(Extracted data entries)
——————————

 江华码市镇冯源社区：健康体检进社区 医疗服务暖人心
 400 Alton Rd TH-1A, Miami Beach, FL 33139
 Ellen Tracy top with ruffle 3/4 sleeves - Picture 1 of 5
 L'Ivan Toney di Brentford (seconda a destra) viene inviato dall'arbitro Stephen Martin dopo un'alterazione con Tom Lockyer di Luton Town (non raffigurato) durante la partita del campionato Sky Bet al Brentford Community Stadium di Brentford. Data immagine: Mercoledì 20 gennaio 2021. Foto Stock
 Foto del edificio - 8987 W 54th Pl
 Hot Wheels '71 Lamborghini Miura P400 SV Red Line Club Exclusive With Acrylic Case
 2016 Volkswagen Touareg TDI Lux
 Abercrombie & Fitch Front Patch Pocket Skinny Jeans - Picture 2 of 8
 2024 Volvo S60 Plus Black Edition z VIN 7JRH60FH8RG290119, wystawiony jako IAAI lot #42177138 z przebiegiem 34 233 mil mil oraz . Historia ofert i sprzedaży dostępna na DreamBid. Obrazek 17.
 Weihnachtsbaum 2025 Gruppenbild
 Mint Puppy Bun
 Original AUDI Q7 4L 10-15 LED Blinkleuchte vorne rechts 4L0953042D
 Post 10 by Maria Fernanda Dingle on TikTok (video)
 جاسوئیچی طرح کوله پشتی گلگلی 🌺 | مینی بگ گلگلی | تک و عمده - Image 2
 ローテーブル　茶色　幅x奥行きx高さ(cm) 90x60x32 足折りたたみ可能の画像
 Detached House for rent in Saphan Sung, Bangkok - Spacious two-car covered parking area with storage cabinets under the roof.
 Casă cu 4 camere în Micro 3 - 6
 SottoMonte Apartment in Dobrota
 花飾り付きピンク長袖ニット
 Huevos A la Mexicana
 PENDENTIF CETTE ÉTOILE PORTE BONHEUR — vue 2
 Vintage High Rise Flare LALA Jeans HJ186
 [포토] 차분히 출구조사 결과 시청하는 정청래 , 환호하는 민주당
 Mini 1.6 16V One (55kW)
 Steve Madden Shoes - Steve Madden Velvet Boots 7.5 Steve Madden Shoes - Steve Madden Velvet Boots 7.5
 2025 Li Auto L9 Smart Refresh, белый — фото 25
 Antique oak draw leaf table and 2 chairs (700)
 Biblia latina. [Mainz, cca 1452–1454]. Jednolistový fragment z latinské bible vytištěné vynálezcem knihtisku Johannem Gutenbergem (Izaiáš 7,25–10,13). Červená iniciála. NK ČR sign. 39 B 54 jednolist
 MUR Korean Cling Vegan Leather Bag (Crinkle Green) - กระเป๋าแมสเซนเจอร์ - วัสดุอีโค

——————————

Exercise brief — Your answer should be every line above that contains the word "Foto".

Result of the exercise —
 L'Ivan Toney di Brentford (seconda a destra) viene inviato dall'arbitro Stephen Martin dopo un'alterazione con Tom Lockyer di Luton Town (non raffigurato) durante la partita del campionato Sky Bet al Brentford Community Stadium di Brentford. Data immagine: Mercoledì 20 gennaio 2021. Foto Stock
 Foto del edificio - 8987 W 54th Pl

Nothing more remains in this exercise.